Family Lawyers exist to help clients understand their position and resolve any issues relating to any particular familial arrangement. They can draft pre-nuptial agreements before marriage to protect someone’s financial interests, advise on the grounds of divorce or civil partnership dissolution and draft separation agreements.
Family lawyers can also advise on reasonable financial settlements following divorce and make sure assets are divided reasonably and fairly between parties.
Regarding children, family lawyers negotiate arrangements such as contact, residence and access. They also facilitate the resolution of specific issues in a child’s upbringing such as who has parental responsibility to make certain decisions regarding the child.
Family lawyers are best placed to make applications for any court orders which might be relevant to the case they are working on. If no settlement can be made, a family lawyer can also help clients through the in-court process.
On a day-to-day basis, a family lawyer might have to:
- Attend meetings with clients
- Research similar previous cases to the ones they are working on
- Analyse points of law
- Draft legal documents, such as witness statements
- Investigate and evaluate evidence that might be beneficial for their clients
- Negotiate with opposition to reach a settlement agreement
- File applications in the family court
- Meet with barristers to discuss matters going to trial
- Attend hearings in court before a judge or jury
Private Family Law
Private Family Law cases are those brought forward by individuals. These generally include divorce, civil partnership dissolution and private disputes concerning children.
Additionally, they can involve matters such as financial applications, special guardianship orders and orders under s8 of the Children Act 1989 to decide a child’s primary residence, parental contact and other specific disputes.
On the other hand, Public Family Law cases are those brought forward by local authorities or an authorized person such as the NSPCC to protect the child.
These can include matters such as care orders regarding a child’s parental responsibility, supervision orders to put a child under the supervision of the local authority and emergency protection orders which ensure a child’s immediate safety.
Family Law Arbitration
Arbitration is an out-of-court process and an alternative way to resolve disputes. It is private, confidential and carried out by a trained arbitrator.
More often nowadays, family law practice includes a commitment to offering alternative dispute resolution such as arbitration to avoid resorting to potentially stressful court action. Some family lawyers may even have trained as mediators or arbitrators to be able to provide such services to their clients
During family law arbitration, parties enter into an agreement under which they allow the arbitrator to adjudicate a dispute regarding finances or children following a relationship breakdown. They agree to be bound by the reasoned written decision of the arbitrator.

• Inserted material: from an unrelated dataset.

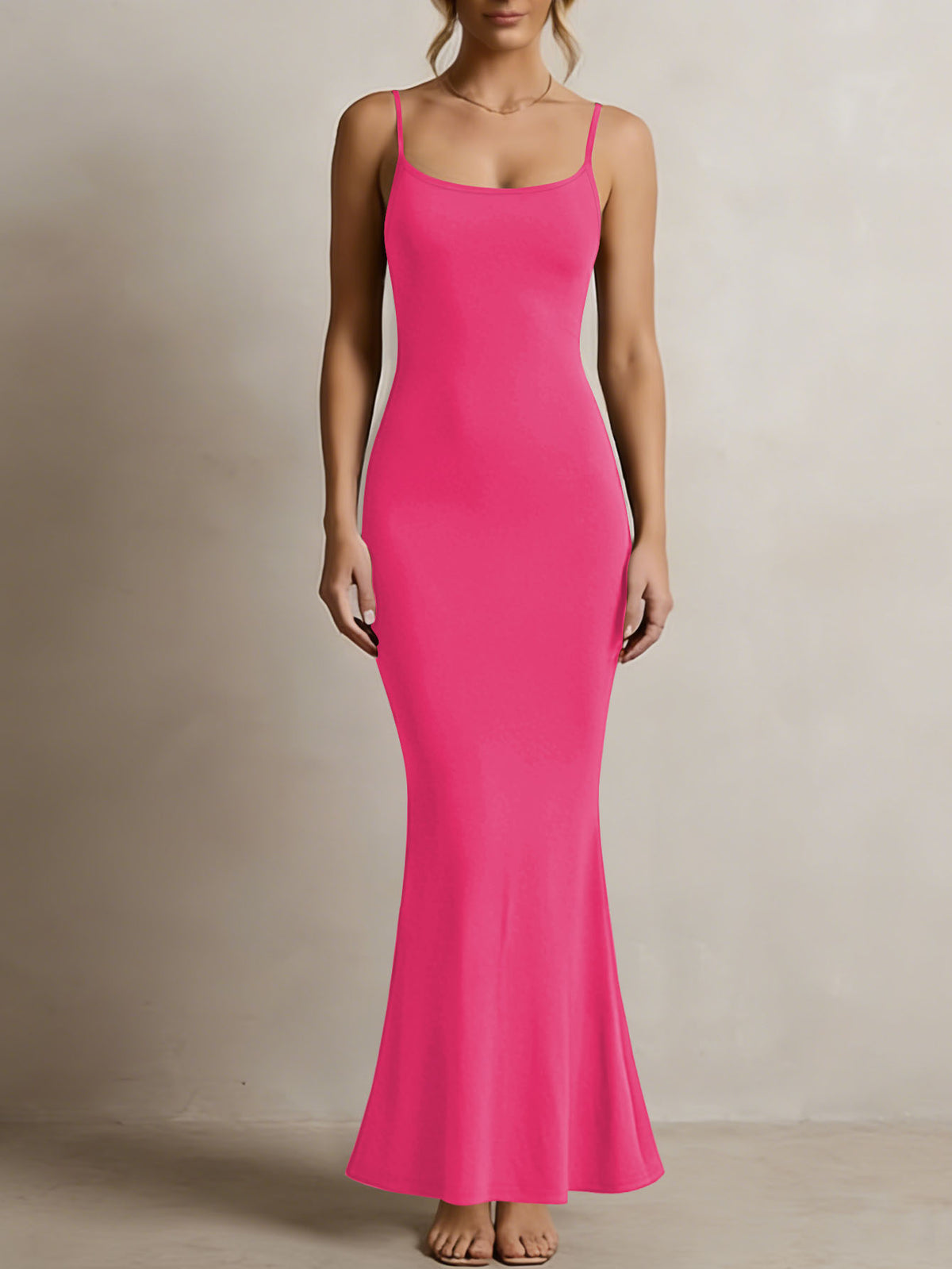 Women's Solid Color Spaghetti Strap Square Neck Bodycon Maxi Dress, Elegant Sleeveless Mermaid Evening Dress Summer Dress for Women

Arbitration is often described as faster and more flexible than formal court decision making. Due to this, it is often more cost-effective than court.
However, arbitration is not suitable for everyone. For example, if one party may attempt to hide assets or if one of the parties is in fear of the other or is particularly vulnerable, arbitration may not be suitable.
Family Law Act 1996
The Family Law Act (FLA) is an Act of Parliament governing divorce law and marriage. It was brought into force in 1996. The purpose of the act was to modernise the divorce process whilst moving forward with a general goal of saving marriages and making divorce more peaceful.
Before its implementation, the new divorce procedure under this act which included compulsory information meetings before divorce was tested.
Unfortunately, despite seemingly advantageous goals, the FLA 1996 was not well received in pilot studies. For that reason, up until the governments’ recent commitment to implementing “no-fault divorce”, the Matrimonial Causes Act 1973 continued to contain the relevant provisions regarding divorce.